• About this exercise
What you give back from the listing below should be an exact copy of the lines from the one with "555 N Dupont Ave Property Photo 1" down to the one with "Camping De Kuilart", and it should contain no pictures.

• Information shown
···

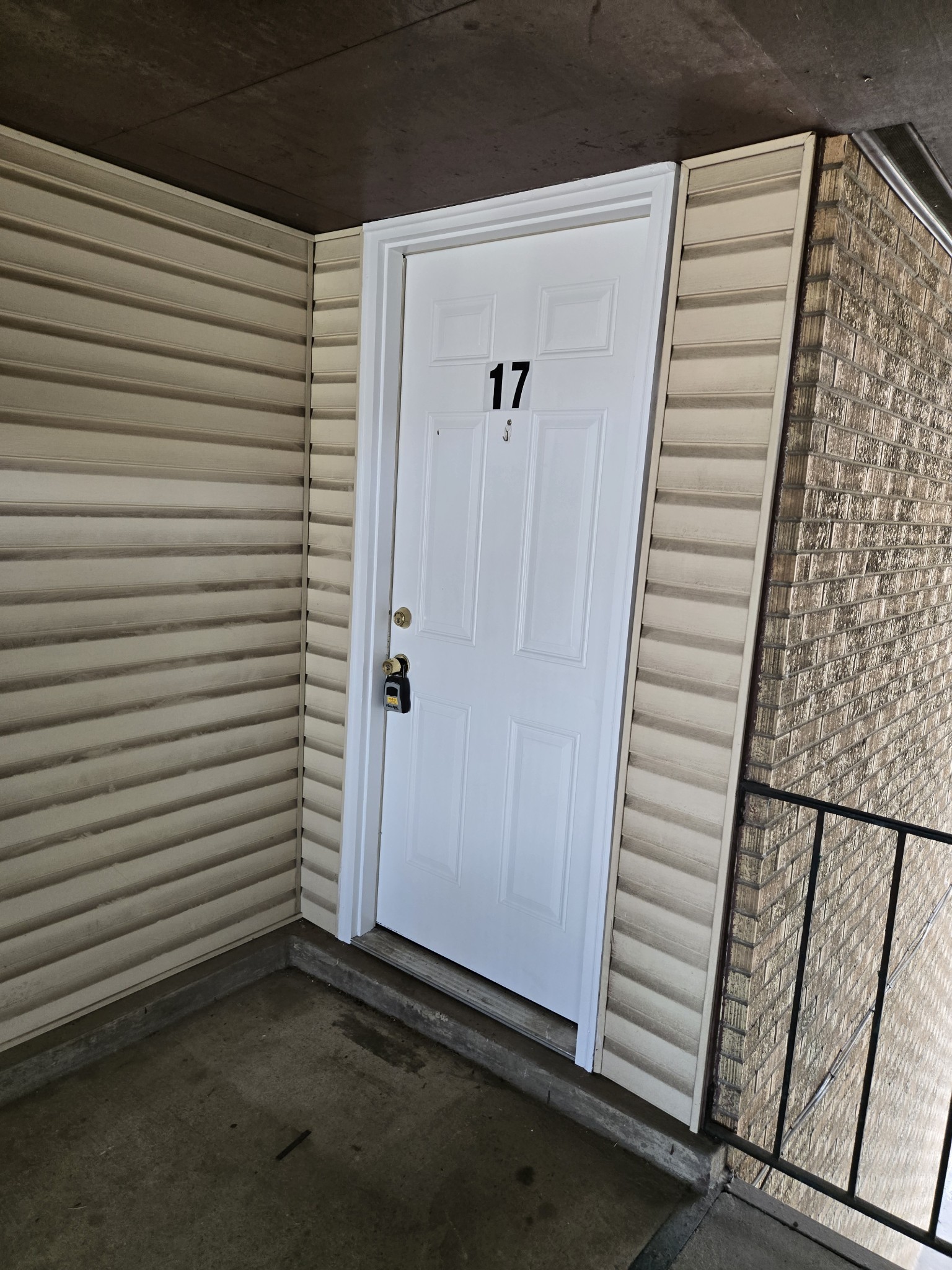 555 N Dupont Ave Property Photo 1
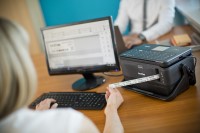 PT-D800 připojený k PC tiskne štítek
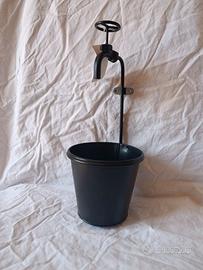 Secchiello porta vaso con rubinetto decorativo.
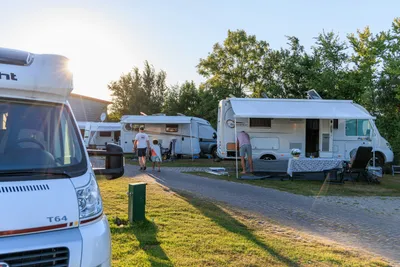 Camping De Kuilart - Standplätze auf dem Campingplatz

···

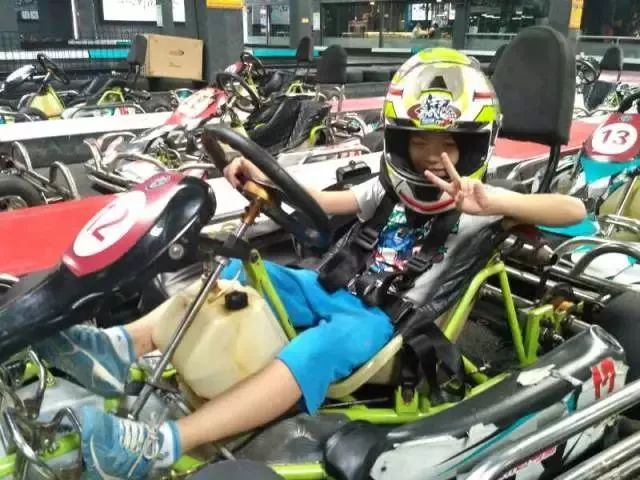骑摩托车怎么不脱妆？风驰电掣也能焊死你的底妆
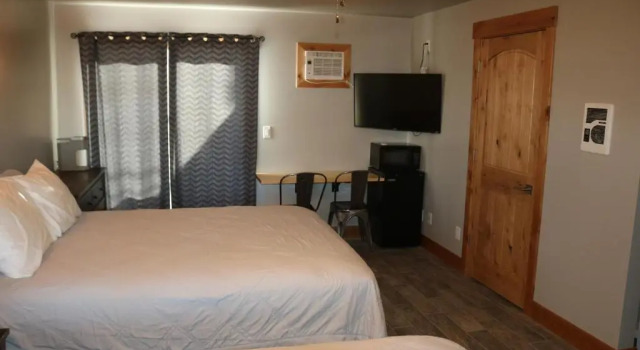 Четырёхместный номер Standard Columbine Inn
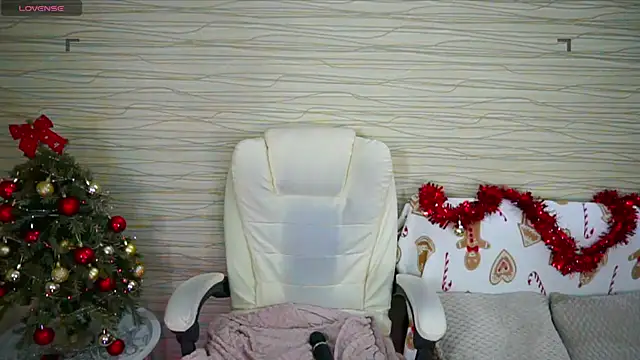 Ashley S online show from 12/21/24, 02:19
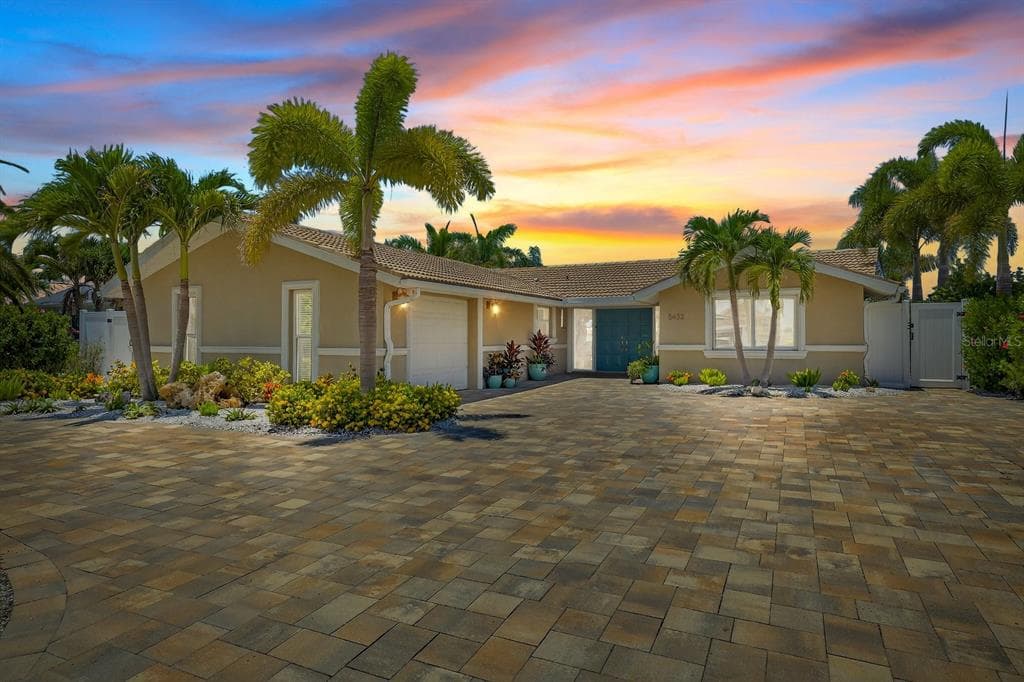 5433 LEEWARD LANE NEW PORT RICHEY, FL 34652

···

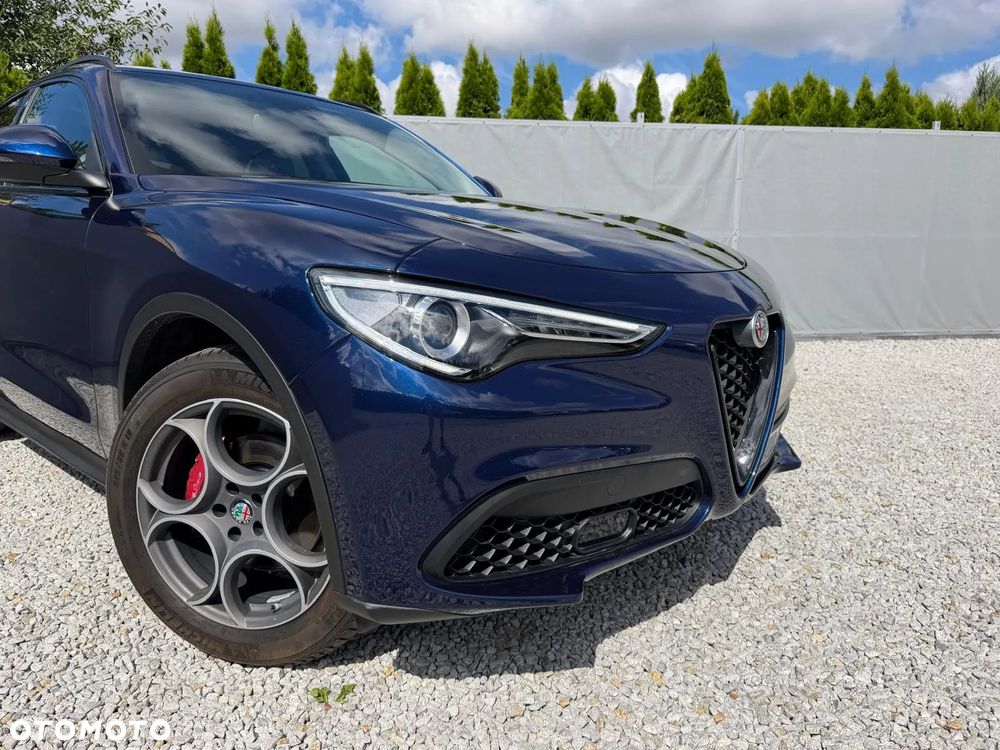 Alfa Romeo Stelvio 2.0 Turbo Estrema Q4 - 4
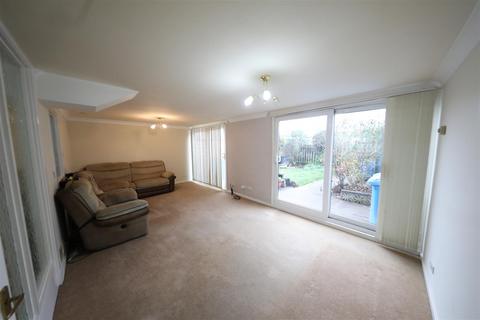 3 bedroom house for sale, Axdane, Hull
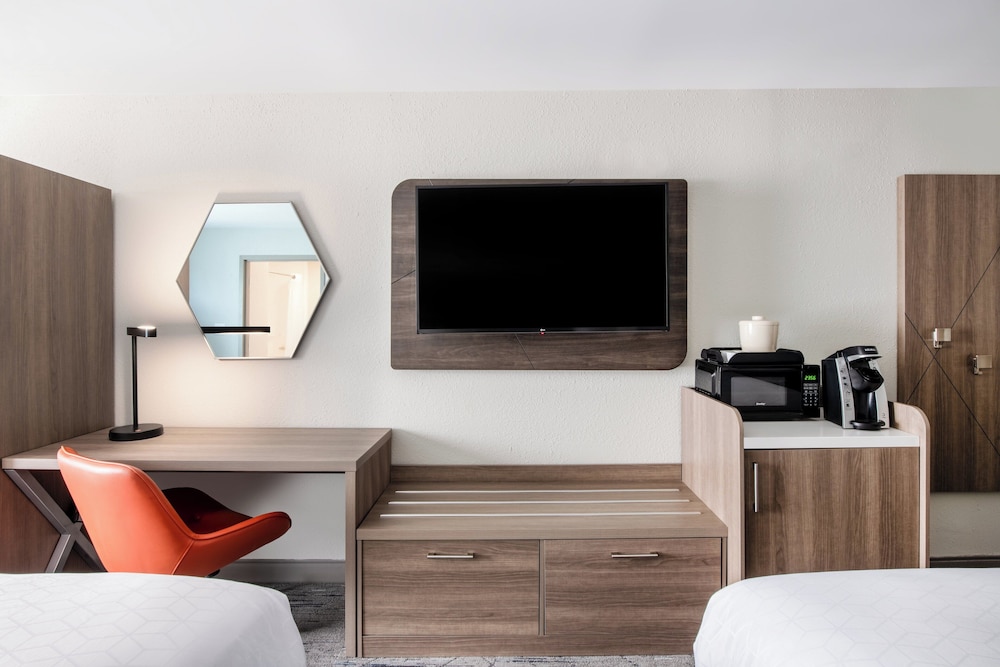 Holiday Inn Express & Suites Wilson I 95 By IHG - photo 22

···

• Response
 555 N Dupont Ave Property Photo 1
 PT-D800 připojený k PC tiskne štítek
 Secchiello porta vaso con rubinetto decorativo.
 Camping De Kuilart - Standplätze auf dem Campingplatz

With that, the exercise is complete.